[Short descriptive text snippets]
__________________________________________________
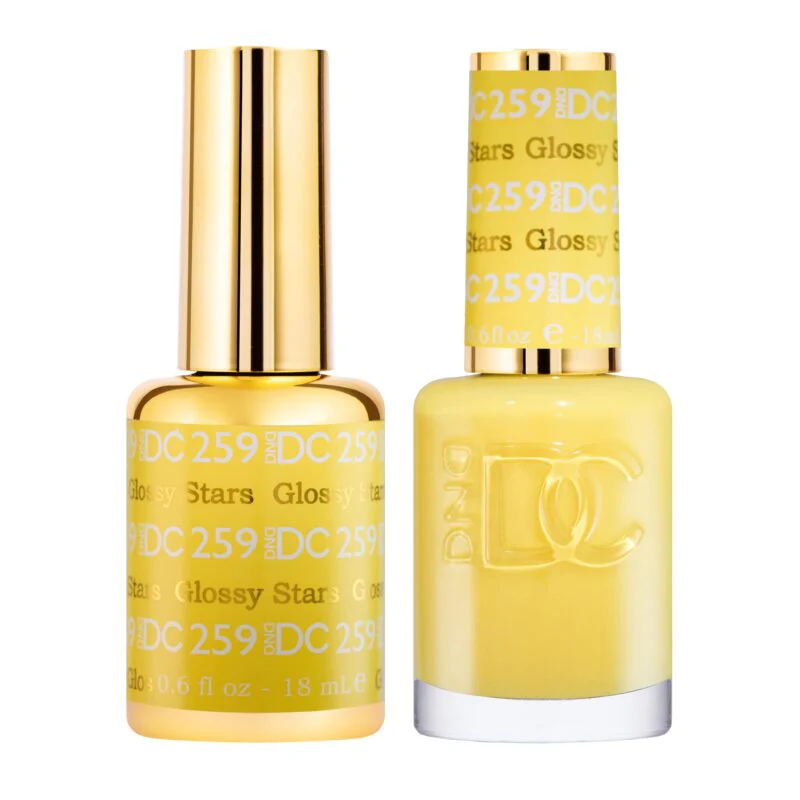 DC Duo 259 - Glossy Stars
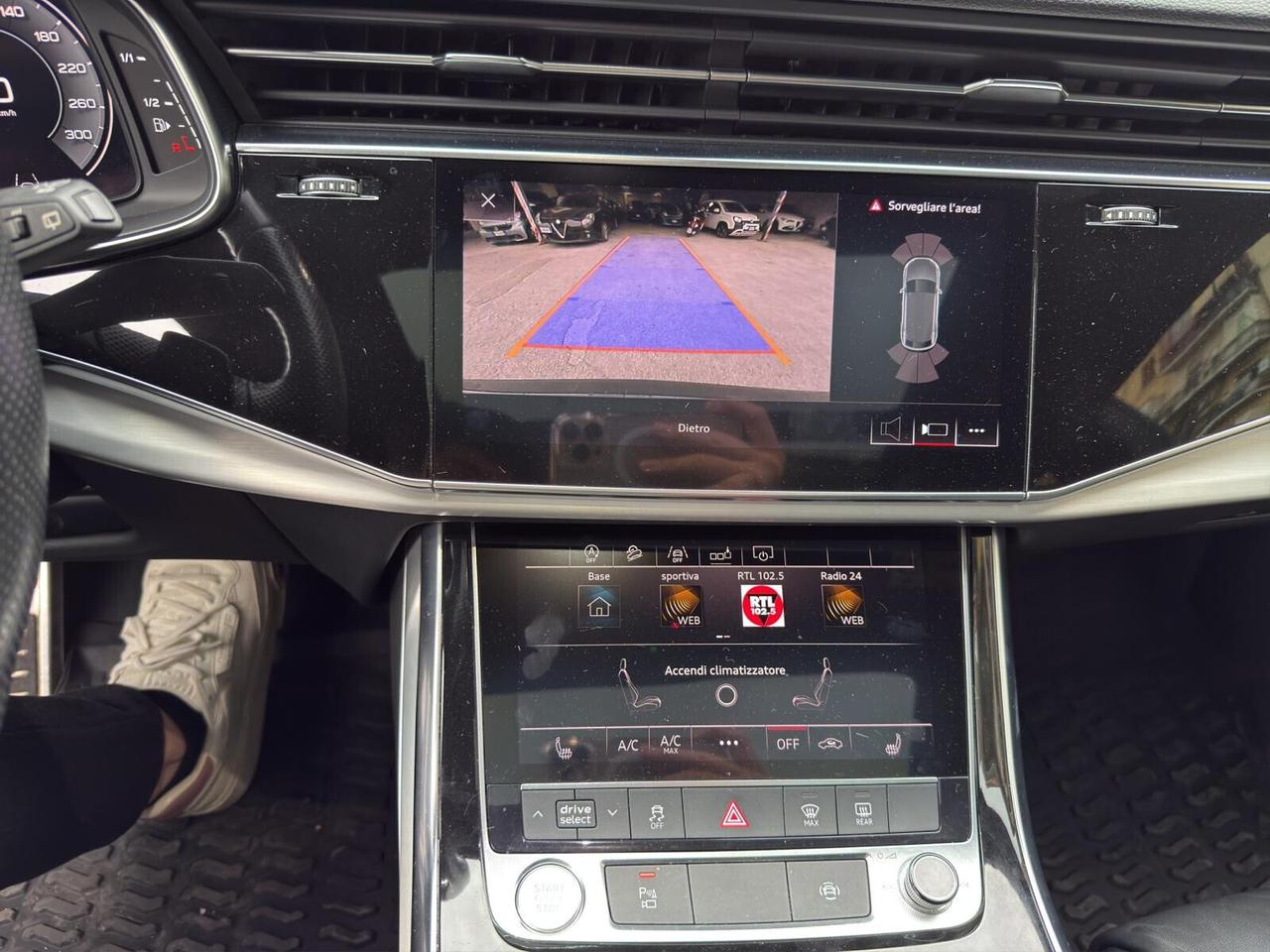 Audi Q8 50 3.0 tdi 286cv mhev S-Line Edition quattro tiptronic Tetto 2019
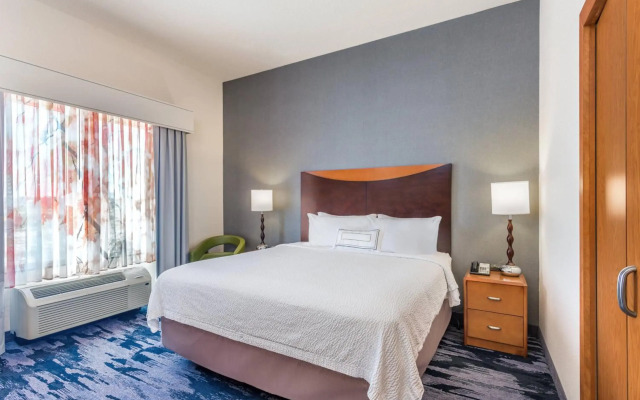 Fairfield Inn & Suites by Marriott Madison East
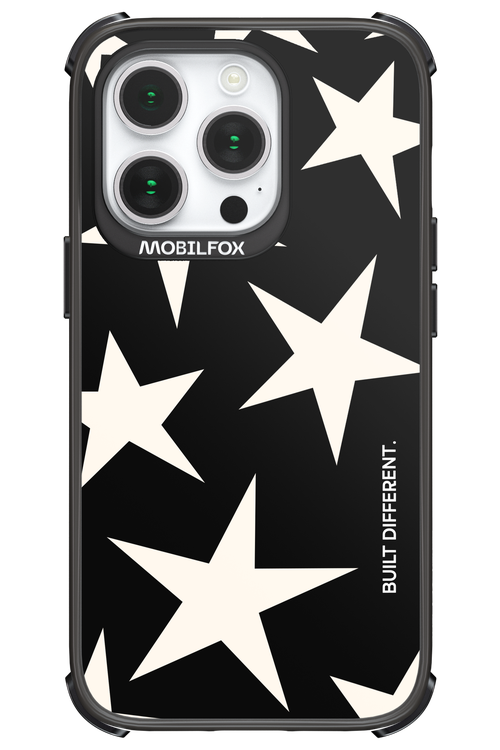 Built Different BW 2.0 - Apple iPhone 14 Pro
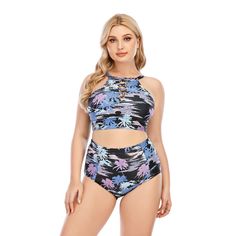 1. 82% Polyester. 18% Spandex2. UPF 50+ Sun Proctive3.High Waisted4.Fashion Print Design5. Romovable PaddedFree ShippingGet Extra mystery gift| $59+ SitewideGet Extra 10% OFF |$99+ SitewideNote:We recommend S=US 0-2. M=US 4-6. L=US 8-10. XL=US 10-12.... Print Design Fashion, Rashguard Swimsuit, Ribbed Knit Sweater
__________________________________________________
Work order
Because only the text is wanted, repeat all the entries exactly and leave out the pictures.

Output of the task
 DC Duo 259 - Glossy Stars
 Audi Q8 50 3.0 tdi 286cv mhev S-Line Edition quattro tiptronic Tetto 2019
 Fairfield Inn & Suites by Marriott Madison East
 Built Different BW 2.0 - Apple iPhone 14 Pro
 1. 82% Polyester. 18% Spandex2. UPF 50+ Sun Proctive3.High Waisted4.Fashion Print Design5. Romovable PaddedFree ShippingGet Extra mystery gift| $59+ SitewideGet Extra 10% OFF |$99+ SitewideNote:We recommend S=US 0-2. M=US 4-6. L=US 8-10. XL=US 10-12.... Print Design Fashion, Rashguard Swimsuit, Ribbed Knit Sweater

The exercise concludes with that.